Non-blocking sockets, aka asynchronous socket communication, is typically used when sending static content to a client or when a client uploads data, for example, by using the WebDAV plugin.
Blocking sockets are used when sending data that is dynamically generated from resources such as CSP or LSP. The server, by default, uses one thread when serving a resource. The thread executing is the thread running the socket dispatcher (SoDisp).
A server with many simultaneous users can choose to activate the server thread pool. The HttpCmdThreadPool is a plugin to the Barracuda Embedded Web Server, and provides the Web Server with a pool of threads that enable the server to execute multiple concurrent LSP and CSP pages.
The Barracuda Server must be protected with a mutex when using multiple threads. The C and C++ startup code above shows how a mutex is used when creating an instance of the SoDisp class -- i.e. the socket dispatcher.
A callback function (event function) such as the service function in a HttpPage or a HttpDir is always protected by the SoDisp mutex. A non-callback function must set the mutex before calling any of the methods in the Barracuda API.
You can call all the API functions in Barracuda from other threads, but you must protect the call with a lock. The lock functions are part of the SoDisp object.
C lock example code:SoDisp_mutexSet(myDispatcherObj); //Call Web Server function SoDisp_mutexRelease(myDispatcherObj);
There is an easier way to protect the Embedded Web Server calls when using C++. You must first get the internal ThreadMutex used by the dispatcher.
ThreadMutex& dispMutex = myDispatcherObj->getLock();
You can now protect a region of code as follows:
{ ThreadLock protectMyRegion(dispMutex);
//Protected Web Server calls here
}
See the Dispatcher Mutex for more information.
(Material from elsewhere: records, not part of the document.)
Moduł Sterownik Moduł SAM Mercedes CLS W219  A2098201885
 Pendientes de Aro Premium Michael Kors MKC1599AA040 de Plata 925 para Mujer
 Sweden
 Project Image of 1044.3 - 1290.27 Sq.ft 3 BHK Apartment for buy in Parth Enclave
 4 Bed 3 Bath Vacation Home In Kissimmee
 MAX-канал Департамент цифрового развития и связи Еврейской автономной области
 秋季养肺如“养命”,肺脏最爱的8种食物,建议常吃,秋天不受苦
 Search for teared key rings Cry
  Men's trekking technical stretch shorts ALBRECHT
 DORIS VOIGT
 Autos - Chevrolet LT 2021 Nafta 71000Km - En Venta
The Barracuda Server includes a number of components for advanced data transfer. The components used by plugins such as WebDAV for uploading and downloading in asynchronous mode are available and documented. The server also supports a number of methods for moving the active socket connection out of the server to a separate thread. These components are documented in the C/C++ reference manual. An introduction to these components can be found in the introduction to the internals.